Un passage d'Alain Erlande-Brandenburg,
De pierre d'or et de feu, livre consacré à la création artistique au moyen-âge jusqu'au XIIIe s., mais qui fait un rappel sur l'antiquité, période où artiste, artisan et travail manuel sont peu distincts.
Citer :
La position sociale du sculpteur faisait l'objet d'un vaste mépris en raison de l'intervention manuelle qu'il exigeait. Sophocle, pourtant fils de sculpteur et ayant selon toute vraisemblance exercé le métier dans sa jeunesse, ne manifeste pas pour les artistes une grande estime. On les accuse même de ne pas être capables de comprendre la subtilité de leur métier. Les positions de Platon et d'Aristote ne sont guère plus encourageantes. Comme il se doit, l'inspiration est réservée aux poètes et aux musiciens, les arts visuels ne pouvant pas relever de l'enthousiasme divin. Les doctrines de l'un et l'autre philosophes sont bien connues. Pour le premier, le beau relève du monde des idées ; la beauté réside dans la pensée ; l'artiste doit tourner son regard, introduire et traduire non pas la réalité mais l'idée. L'imagination tient donc une place déterminante. Aristote défend une position différente en avançant la place déterminante de la mimesis (l'imitation).
Pour Platon, le livre X de la République est assez explicite à ce sujet.

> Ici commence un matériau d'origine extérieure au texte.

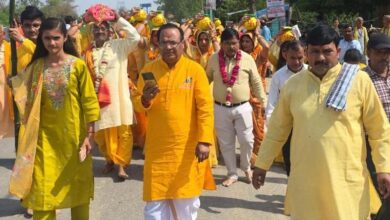 कलश यात्रा के साथ श्रीमद्भागवत कथा शुरू
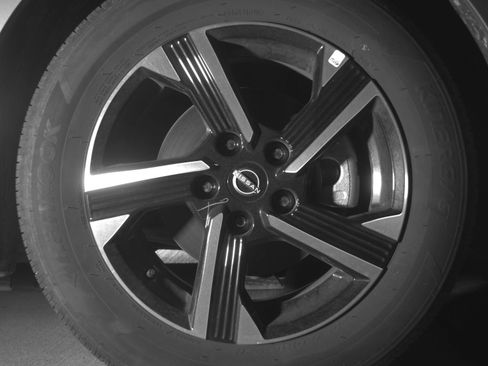Used 2025 Nissan Sentra SV FWD image 13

Platon, La République, X, 598, c-d) a écrit :
Ainsi, mon cher ami, devons-nous l’entendre de tous ceux qui font comme ce peintre ; et lorsque quelqu’un viendra nous dire qu’il a trouvé un homme instruit de tous les métiers et réunissant en lui seul dans un degré éminent toutes les connaissances partagées entre les autres hommes, il faut lui répondre qu’il n’est qu’une dupe qui s’est laissé éblouir apparemment par quelque magicien, par un imitateur qu’il a pris pour le plus habile des hommes, faute de pouvoir distinguer lui-même la science de l’ignorance, la réalité de l’imitation.